The lease of Park House, which Lady Fermoy found too large after her husband’s death, was given to Frances and Johnnie, who were then living in Gloucestershire. Lady Fermoy, as Woman of the Bedchamber to the Queen Mother,* travelled back and forth at various times of the year between the royal residences: Clarence House in London, Balmoral in Scotland, Sandringham in Norfolk and Windsor. She had small but comfortable private quarters on the Sandringham estate, and retained her London home where she entertained, when time permitted, with musical evenings.

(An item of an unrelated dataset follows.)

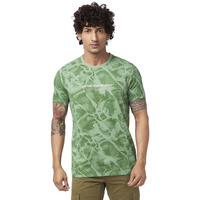 Spykar Men Sage Green Blended Slim Fit Half Sleeve Round Neck Printed Tshirt
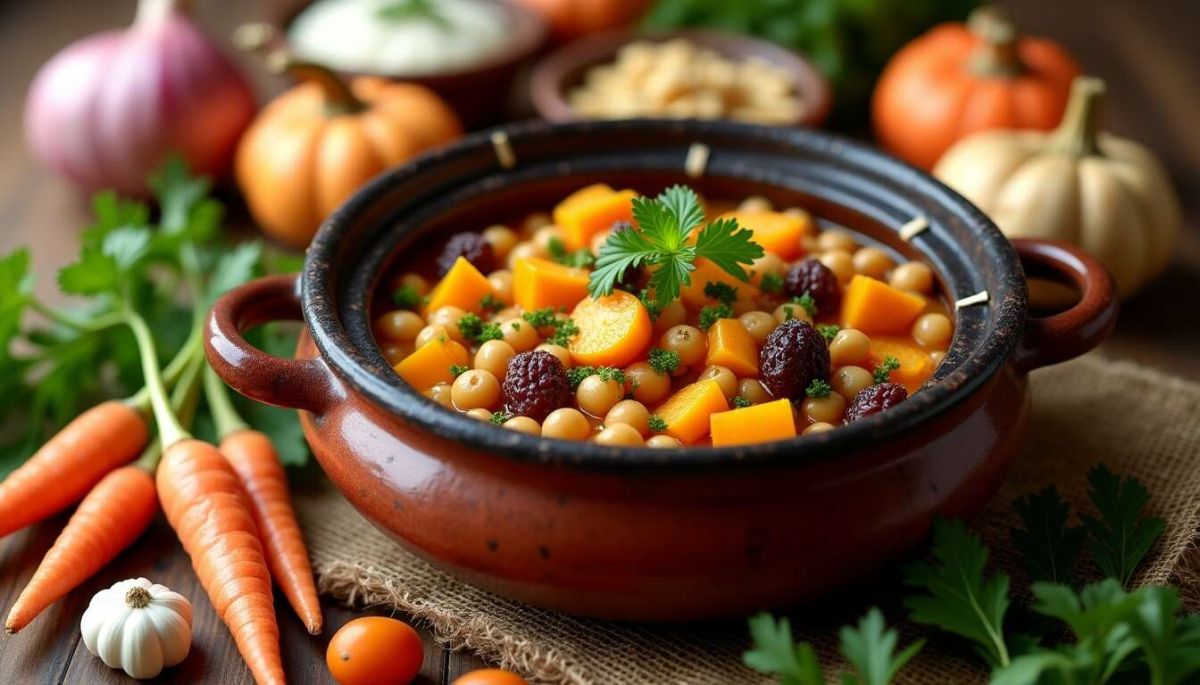 Découvrez le tajine de légumes d’automne aux fruits secs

Diana never knew her maternal grandfather, but Lady Fermoy was an important figure in her life. Like her older sister Sarah, Diana displayed an aptitude for the piano, which Lady Fermoy encouraged. She helped Diana with her early lessons, and played Mozart to her. As a treat she would take her grandchildren into King’s Lynn for tea at Ladyman’s—“the place to go for such an outing. Not too fancy, very homestyle,” recalled Elsie Byre, who worked there as a waitress. “There was a large balcony where the children liked to sit. There would be a big fuss if a child threw something down, even though it happened frequently. You know, one child would throw something over the railing—a wad of paper, something like that—and another would follow suit. Lady Fermoy came fairly regularly with the girls. She would order buns to go round. Diana—she was the youngest—always begged for and got a cream-filled bun when I would be taking their order.”
“I always felt different from anyone else,” Diana once said. “It was a very unhappy childhood. Parents were busy sorting themselves out Always seeing my mother crying. Daddy never spoke to us about it [and] we never asked questions.”
It wasn’t long before food became both solace and reward.
*The Princess Royal (1897–1965) was Mary, the younger sister of Edward VIII and George VI. She married Henry, Viscount Lascelles, 6th Earl of Harewood.
*Woman of the Bedchamber is an honorary position in the Households of the Queen and the Queen Mother. It involves some minor secretarial duties, writing letters or notes, and accompanying the Queen to public events, on tours, or simply as a companion.